Their vision will take shape this fall, when the new CPST facility, which was dedicated May 1, will open for business at the Coldstream Research Campus in Lexington. Sure, the facility may have a few corridors and walls, but it’s unlike any filling suite you’ve ever seen. The key to the design is mobile isolator technology, which allows product to be shuttled back and forth between contained process equipment via transfer boxes on wheels.
|View from the front: Kentucky's Center for Pharmaceutical Science and Technology’s (CPST) new sterile clinical drug manufacturing facility.
Mobile isolator technology has only been around for three or four years, and has only been implemented at a handful of sites, notably Therion Biologics (Cambridge, Mass.), notes Hank Rahe, technical director for Indianapolis-based EnGuard Systems, which designed and manufactured the mobile isolator network used at the CPST. “It’s a technology for existing facilities and smaller companies that don’t have hundreds of millions of dollars,” he says.
Filling goes something like this: Product enters the suite within one of the transfer isolators, whose doors are closed in a sealed attachment that has been decontaminated with vaporized hydrogen peroxide (VHP). The transfer box is docked with another isolator, such as that surrounding the vial filler, and the area within is disinfected via VHP before the internal doors are opened and product transferred.

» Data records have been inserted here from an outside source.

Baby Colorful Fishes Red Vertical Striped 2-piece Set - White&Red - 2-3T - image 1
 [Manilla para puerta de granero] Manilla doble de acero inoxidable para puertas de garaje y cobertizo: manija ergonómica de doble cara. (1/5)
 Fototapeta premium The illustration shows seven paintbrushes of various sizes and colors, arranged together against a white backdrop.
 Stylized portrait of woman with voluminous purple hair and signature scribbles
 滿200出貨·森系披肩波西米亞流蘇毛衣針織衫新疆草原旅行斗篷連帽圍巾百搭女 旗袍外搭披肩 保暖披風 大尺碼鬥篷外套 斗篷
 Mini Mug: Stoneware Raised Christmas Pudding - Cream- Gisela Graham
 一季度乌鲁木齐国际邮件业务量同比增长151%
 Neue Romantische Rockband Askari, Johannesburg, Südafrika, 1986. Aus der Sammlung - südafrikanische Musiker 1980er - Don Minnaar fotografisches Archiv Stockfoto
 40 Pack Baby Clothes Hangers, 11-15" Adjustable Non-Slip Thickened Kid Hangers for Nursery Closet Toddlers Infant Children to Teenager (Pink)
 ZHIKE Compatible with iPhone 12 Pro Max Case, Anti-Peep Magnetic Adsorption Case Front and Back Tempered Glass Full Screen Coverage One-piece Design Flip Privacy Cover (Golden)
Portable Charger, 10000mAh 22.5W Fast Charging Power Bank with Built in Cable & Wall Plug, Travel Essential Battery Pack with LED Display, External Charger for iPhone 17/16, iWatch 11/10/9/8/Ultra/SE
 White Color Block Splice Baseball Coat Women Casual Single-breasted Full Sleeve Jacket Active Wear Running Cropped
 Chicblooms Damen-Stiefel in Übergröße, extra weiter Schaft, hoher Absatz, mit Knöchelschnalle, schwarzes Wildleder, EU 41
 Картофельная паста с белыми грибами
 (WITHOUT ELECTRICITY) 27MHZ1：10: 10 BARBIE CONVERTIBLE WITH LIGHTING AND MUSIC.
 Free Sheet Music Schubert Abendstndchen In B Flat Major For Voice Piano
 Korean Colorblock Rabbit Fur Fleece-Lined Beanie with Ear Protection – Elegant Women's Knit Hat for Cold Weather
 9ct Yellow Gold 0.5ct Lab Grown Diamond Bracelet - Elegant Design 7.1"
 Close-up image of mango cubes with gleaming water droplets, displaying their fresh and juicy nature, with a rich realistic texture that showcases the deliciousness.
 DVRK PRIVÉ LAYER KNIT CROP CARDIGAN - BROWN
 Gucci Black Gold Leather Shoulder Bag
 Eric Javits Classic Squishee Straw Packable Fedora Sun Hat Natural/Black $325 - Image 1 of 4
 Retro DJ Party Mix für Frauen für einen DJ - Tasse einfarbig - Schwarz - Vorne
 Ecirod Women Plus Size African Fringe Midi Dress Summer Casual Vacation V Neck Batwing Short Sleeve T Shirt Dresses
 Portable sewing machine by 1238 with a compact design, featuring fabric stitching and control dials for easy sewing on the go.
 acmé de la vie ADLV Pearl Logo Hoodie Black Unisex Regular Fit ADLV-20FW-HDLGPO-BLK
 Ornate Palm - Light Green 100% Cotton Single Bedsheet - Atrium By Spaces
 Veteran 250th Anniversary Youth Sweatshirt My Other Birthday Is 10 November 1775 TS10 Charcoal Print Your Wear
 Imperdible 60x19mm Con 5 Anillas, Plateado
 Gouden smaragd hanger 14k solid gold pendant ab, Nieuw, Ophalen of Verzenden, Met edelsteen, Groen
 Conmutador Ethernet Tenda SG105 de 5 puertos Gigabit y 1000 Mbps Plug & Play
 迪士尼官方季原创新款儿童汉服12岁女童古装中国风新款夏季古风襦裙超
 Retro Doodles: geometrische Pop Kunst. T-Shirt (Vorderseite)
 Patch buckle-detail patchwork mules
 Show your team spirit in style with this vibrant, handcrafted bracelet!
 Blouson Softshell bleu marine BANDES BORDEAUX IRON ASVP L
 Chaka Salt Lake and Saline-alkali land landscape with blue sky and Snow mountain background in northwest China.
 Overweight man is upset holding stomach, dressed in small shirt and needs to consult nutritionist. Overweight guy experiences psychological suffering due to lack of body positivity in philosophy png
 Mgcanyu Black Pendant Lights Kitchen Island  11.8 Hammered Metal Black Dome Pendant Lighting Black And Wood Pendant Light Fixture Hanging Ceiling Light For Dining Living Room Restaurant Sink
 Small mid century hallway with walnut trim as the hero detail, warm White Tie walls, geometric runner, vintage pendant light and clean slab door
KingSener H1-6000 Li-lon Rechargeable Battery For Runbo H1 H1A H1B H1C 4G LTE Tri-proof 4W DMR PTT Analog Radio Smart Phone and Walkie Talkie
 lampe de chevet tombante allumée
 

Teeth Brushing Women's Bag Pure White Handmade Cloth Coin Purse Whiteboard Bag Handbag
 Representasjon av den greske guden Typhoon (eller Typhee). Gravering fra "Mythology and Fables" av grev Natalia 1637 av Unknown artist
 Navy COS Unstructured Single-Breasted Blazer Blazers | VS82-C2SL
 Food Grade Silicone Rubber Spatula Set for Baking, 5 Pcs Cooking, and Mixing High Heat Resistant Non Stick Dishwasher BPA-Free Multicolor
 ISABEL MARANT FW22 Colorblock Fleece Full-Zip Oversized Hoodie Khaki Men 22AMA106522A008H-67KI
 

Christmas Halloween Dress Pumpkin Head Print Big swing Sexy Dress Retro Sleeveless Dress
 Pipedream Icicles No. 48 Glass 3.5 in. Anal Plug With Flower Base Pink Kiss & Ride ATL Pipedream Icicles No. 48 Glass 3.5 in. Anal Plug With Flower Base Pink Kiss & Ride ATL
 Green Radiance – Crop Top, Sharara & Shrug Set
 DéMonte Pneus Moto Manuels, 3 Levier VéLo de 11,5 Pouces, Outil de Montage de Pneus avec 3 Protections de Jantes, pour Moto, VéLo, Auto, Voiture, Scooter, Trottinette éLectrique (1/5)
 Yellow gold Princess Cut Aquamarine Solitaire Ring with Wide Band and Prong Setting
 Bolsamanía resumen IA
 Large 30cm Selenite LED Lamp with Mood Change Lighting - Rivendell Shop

Once complete, the doors are again shut and sealed, prompting another decontamination cycle. A single transfer takes approximately 40 minutes, and is repeated from station to station — as stoppers are ferried from autoclave to filler, for example, or vials moved from filler to capper or, for freeze-dried products, to the lyophilizer. Once product is sealed and capped properly, a discharge isolator carries it outside the aseptic core for labeling and secondary packaging.
Transfers are the hardest part of using the technology, says Rahe. Before mobile isolators were developed, the only way that manufacturers could link isolators was through rapid transfer ports (RTPs). “But RTPs doors must be round to work,” says Rahe, “and the [pharmaceutical] world we live in isn’t round.”
The vial filler, autoclave, depyrogenation oven and lyophilizer are the most critical pieces of equipment on Kentucky’s fill/finish line. Each presented its own containment challenges, since conventional isolators and standardized equipment could not be used for this project.
With the filler, the challenge was to ensure that the mounting table could accommodate the isolator, Rahe notes. The table had to be expanded and the surfaces made smooth for easy cleaning. EnGuard had worked with OEM Chase-Logeman Corp. (Greenville, N.C.) to design and build such a table at Therion so that, at Kentucky, it could provide detailed specifications to filler-maker Bosch Packaging Technology (Minneapolis).
The filler isolator has two chambers, Rahe notes, one above the mounting table and one below, which houses the equipment’s mechanics. The upper chamber has a positive pressure, the lower negative. Should a rotating shaft or other piece of mechanical equipment leak, the pressure differential assures that contaminants will flow toward the negative pressure, maintaining the ISO Class 5 environment above.
The autoclave, manufactured by Steris Corp. (Mentor, Ohio), presented challenges as well. The door to the equipment slides behind a fascia, so the Kentucky team worked with Steris to ensure that the fascia was sealed properly and that VHP could access all surfaces during cleaning.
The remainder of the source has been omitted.